The data START

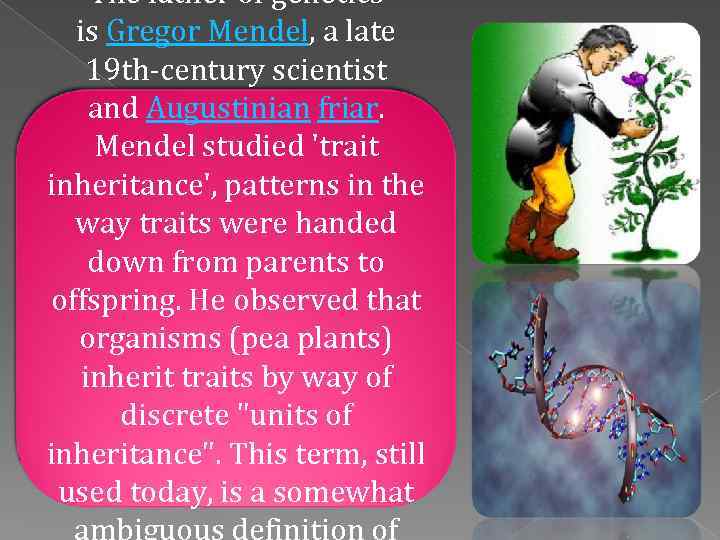 The father of genetics is Gregor Mendel, a late 19 th-century scientist and Augustinian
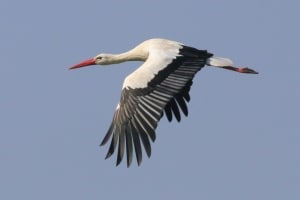 White Stork in Flight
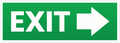 EXIT STICKER Premium Vinyl Sticker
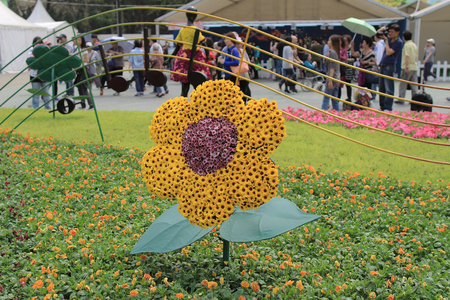 Flower show hong kong at Victoria Parkの写真素材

The data END

Goal of the exercise: Pictures stay out. Write out everything else in the material exactly.

Answer box:
 The father of genetics is Gregor Mendel, a late 19 th-century scientist and Augustinian
 White Stork in Flight
 EXIT STICKER Premium Vinyl Sticker
 Flower show hong kong at Victoria Parkの写真素材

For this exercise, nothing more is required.